Traceback (most recent call last):
File "population_by_age.py", line 126, in <module>
process_plot(country, year, csv_nm)
File "population_by_age.py", line 91, in process_plot
lines = get_file_lines(country, year, fl_nm)
File "population_by_age.py", line 60, in get_file_lines
csv_fl = open(DATA_DIR / csv_nm, 'r')
FileNotFoundError: [Errno 2] No such file or directory: 'data\\WPP2019_PopulationByAgeSex_Medium.csv'
PS R:\learn\py_play\population>
How likely is this scenario? Don’t know. But given I have population_by_age.py
in py_play\population
it seems likely to me that someone might do just this.
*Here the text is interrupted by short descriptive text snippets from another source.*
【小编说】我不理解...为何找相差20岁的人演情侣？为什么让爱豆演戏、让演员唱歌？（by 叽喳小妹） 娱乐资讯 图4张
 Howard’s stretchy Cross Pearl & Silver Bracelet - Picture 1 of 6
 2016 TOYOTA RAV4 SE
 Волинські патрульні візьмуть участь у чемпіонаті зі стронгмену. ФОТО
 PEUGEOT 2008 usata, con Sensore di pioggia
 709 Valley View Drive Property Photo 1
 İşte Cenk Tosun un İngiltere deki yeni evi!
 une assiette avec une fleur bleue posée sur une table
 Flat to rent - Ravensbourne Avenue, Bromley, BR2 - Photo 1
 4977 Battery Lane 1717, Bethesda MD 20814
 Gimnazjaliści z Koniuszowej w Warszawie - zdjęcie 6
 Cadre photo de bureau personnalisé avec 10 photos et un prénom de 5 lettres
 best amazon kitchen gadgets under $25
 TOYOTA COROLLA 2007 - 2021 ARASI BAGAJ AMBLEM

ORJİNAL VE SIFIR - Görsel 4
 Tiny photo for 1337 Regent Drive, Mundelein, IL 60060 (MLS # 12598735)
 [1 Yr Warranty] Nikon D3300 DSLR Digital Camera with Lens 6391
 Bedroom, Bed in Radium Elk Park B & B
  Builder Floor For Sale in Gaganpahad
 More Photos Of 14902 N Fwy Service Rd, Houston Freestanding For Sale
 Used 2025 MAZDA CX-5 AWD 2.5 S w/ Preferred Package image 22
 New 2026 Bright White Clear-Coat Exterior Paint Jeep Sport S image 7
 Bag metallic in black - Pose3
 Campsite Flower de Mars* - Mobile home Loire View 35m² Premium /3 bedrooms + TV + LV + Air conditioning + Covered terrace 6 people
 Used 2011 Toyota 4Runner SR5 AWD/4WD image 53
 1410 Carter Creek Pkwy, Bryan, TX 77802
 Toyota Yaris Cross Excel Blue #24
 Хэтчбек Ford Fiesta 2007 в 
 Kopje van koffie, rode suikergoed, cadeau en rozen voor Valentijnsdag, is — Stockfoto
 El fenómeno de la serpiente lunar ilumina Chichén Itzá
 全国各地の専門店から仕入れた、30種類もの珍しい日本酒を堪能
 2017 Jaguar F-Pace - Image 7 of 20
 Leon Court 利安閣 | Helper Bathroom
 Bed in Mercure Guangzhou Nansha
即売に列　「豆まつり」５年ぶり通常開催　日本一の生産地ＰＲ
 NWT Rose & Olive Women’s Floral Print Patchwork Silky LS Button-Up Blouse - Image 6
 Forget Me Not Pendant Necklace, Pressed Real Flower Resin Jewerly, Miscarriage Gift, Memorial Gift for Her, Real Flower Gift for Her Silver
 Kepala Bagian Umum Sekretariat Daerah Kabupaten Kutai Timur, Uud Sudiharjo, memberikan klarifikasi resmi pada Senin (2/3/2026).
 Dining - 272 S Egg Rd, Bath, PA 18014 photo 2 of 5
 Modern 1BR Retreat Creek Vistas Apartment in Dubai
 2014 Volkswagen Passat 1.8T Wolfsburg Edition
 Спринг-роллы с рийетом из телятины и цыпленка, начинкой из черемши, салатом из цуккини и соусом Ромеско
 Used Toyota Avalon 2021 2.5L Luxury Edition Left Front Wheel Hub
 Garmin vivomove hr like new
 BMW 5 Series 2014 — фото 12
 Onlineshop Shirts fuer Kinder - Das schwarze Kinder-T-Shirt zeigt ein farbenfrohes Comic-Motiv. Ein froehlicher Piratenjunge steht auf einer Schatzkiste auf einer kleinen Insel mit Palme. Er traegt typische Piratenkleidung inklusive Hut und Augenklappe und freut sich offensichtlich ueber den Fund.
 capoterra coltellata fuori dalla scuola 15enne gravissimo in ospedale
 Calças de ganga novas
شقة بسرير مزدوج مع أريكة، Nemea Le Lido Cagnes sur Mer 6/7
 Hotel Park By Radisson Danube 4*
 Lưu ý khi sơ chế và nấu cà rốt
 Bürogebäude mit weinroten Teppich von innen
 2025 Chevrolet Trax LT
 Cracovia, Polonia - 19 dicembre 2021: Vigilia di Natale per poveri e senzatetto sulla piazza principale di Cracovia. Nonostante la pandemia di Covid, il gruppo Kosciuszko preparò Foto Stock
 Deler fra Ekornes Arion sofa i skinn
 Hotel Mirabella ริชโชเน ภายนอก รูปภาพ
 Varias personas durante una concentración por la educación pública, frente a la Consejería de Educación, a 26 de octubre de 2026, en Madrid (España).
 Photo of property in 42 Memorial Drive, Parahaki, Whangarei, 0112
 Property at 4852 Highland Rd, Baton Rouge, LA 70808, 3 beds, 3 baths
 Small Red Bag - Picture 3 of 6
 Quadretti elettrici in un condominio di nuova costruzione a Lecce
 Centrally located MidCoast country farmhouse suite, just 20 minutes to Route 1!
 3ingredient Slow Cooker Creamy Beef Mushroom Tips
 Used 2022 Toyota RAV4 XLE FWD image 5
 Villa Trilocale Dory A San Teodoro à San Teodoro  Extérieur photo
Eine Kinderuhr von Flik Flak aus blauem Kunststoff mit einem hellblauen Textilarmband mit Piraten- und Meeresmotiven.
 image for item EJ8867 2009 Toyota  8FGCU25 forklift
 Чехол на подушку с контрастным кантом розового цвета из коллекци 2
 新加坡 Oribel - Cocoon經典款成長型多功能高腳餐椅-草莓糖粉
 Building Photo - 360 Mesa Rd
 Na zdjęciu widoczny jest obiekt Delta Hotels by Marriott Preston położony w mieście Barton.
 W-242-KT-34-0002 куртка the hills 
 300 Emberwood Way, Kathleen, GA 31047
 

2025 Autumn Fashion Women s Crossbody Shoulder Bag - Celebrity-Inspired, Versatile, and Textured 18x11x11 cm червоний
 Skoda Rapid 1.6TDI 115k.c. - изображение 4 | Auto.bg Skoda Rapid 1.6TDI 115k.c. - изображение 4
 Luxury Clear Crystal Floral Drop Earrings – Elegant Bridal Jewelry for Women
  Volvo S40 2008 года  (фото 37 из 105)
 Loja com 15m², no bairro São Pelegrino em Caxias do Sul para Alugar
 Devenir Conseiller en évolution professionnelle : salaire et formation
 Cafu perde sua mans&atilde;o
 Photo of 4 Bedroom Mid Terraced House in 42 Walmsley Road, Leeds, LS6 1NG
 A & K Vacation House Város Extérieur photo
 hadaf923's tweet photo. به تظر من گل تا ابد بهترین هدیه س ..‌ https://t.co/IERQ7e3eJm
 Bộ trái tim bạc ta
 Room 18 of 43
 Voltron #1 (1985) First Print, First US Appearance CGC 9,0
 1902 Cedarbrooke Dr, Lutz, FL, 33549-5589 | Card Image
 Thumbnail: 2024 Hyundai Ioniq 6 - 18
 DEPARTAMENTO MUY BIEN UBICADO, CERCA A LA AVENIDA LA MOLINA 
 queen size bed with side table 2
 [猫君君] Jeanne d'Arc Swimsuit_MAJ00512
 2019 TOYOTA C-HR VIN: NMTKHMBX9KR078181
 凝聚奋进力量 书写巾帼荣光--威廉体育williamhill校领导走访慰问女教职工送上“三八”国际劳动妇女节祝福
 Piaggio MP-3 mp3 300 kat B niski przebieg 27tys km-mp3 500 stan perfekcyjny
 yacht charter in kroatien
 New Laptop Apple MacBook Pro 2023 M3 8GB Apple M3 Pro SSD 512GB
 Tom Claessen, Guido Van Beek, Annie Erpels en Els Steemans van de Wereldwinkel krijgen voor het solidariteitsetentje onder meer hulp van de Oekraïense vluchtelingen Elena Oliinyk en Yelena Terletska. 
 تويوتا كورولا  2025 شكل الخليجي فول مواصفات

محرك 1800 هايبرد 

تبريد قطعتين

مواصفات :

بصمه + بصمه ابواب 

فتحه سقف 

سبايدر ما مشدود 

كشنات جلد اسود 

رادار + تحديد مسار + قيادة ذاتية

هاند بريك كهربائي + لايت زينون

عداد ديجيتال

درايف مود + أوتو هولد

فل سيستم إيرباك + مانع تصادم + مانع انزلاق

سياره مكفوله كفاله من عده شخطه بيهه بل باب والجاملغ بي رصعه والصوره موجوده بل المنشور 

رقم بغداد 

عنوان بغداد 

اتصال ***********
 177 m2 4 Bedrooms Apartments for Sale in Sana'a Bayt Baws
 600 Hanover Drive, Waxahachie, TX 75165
So what can we do about it?
Well, I have an approach, but is it the best one? Don’t know. But for now it will work and it also deals with the file separator issue. I am going to use the pathlib module. But, you need to be running Python 3.4 or better. Specifically I will be using the Path class from the module.
This module offers classes representing filesystem paths with semantics appropriate for different operating systems.
pathlib — Object-oriented filesystem paths
I am going to check which directory (of the two most likely ones) we are in and set the DATA_DIR
variable accordingly. If we aren’t somewhere I expect, I’ll print a message and exit the app. First things first, make sure you import the Path class at the top of your file, from pathlib import Path
. Then I added the following above the definition for the csv_nm
variable.
from pathlib import Path
# Test for the two most likely starting working directories.
# If found set DATA_DIR accordingly. Using pathlib to cover operating system issues.
# If not one of them print message and exit.
p = Path.cwd()
if (p.is_dir() and p.name == 'py_play'):
DATA_DIR = Path('./data')
elif (p.is_dir() and p.name == 'population'):
DATA_DIR = Path('../data')
else:
print(f"\nCurrent working directory is an unexpected location, {p}!")
print(f"Please run the application from the root directory. Quitting application")
exit(1)
csv_nm = 'WPP2019_PopulationByAgeSex_Medium.csv'
Oh, yes. I also had to modify the filename parameter in the open()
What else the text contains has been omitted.